Incorrect use of heading tags for widget titles
The widget title uses an h3 heading tag, and is supposed to be the "heading" for the post titles. This means you have multiple h2s (the post titles) that are nested under an h3.
This isn't just semantics, it's a direct violation of w3 guidelines:
Skipping heading ranks can be confusing and should be avoided where possible: Make sure that a
<h2>
is not followed directly by an<h4>
, for example.It is ok to skip ranks when closing subsections, for instance, a
W3 Web Accessibility Guidelines<h2>
beginning a new section, can follow an<h4>
as it closes the previous section.
Plugging the old homepage into the wave.webaim.org we get a page structure that violates these guidelines, and doesn't make sense:
The sequence of headings on the right is incorrect - basically each "h3" should be an "h2", and each "h2" should be an "h3".
See: modern guidelines for page headings.
See: Modern Homepage vs. Theme Homepage
Too many unnecessary options
The featured posts widget contains over a dozen options, which made sense for blogs, but not so much for modern recipe sites.
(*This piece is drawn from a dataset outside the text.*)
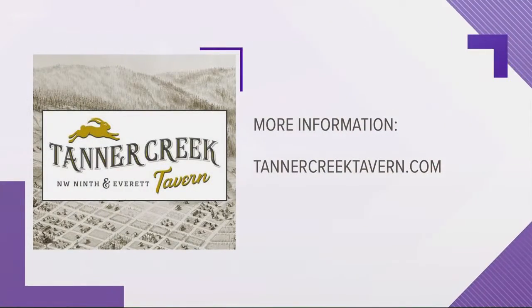Tell us how everyone can find you. Tanner Creek Tavern — we're on 9th and Everett in the Pearl, right by the park blocks. Come by, have a drink. It's a beautiful location with great food. I will definitely be there to see you. You are my kind of girl. There's information on your screen.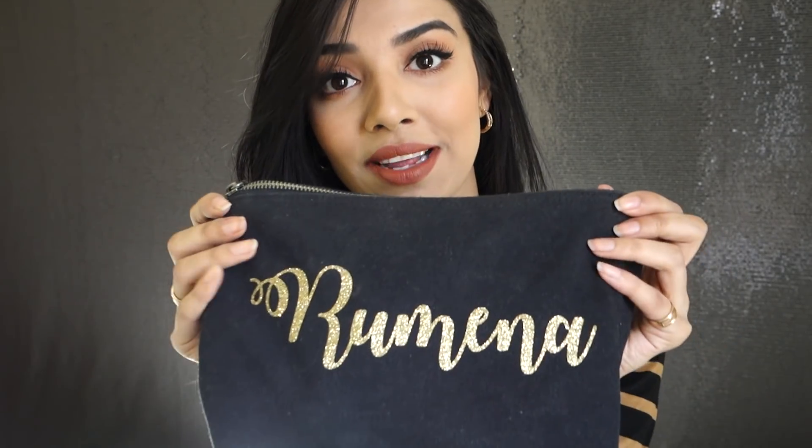Hey everybody, welcome back to my channel! Today I filmed a chit-chat get ready with me of my everyday makeup that I do every single day using all the products in my makeup bag. This is my go-to makeup look — such a wearable daytime look. Sometimes I skip the lashes depending on my mood and outfit.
Modern recipe sites which have a fairly narrow range of acceptable displays. Realistically, these posts should almost always display at one-half width, with just an image and post title.
- No read-more
- No content excerpts (duplicate content)
- No post dates/info/meta
While not too computationally expensive for modern web servers, we always want sites to run as performant as possible, and we will do everything we can do to optimize this.
Remedy in the plugin: require minimal configuration, and remove unnecessary options.
See: the FSRI shortcode.
Accessibility
The featured posts widgets are not great for screen readers, with two hyperlinks (one on the image, one on the title) pointing to the same post for each one being displayed.
This makes the screen reader read the link twice, which is annoying and not technically correct. This actually throws a warning in the Webaim Accessibility tool:
Remedy in the plugin: use aria labels to prevent the image from being read by screen readers, or combine the image + title into a single hyperlink. See: Modern Homepage vs. Theme Homepage
Calling it "featured"
A "feature" is something that deserves special attention, such as your top performing posts. You can, and should, feature your top 6-8 performing posts.
However, "featuring" every recipe on your entire site means that everything is featured. And when everything is featured, it means nothing is featured.
All this is, is a tool to display post within a category, and improve your click depth.
Remedy in the plugin: displaying posts is not "featuring" them, so modernize the naming convention.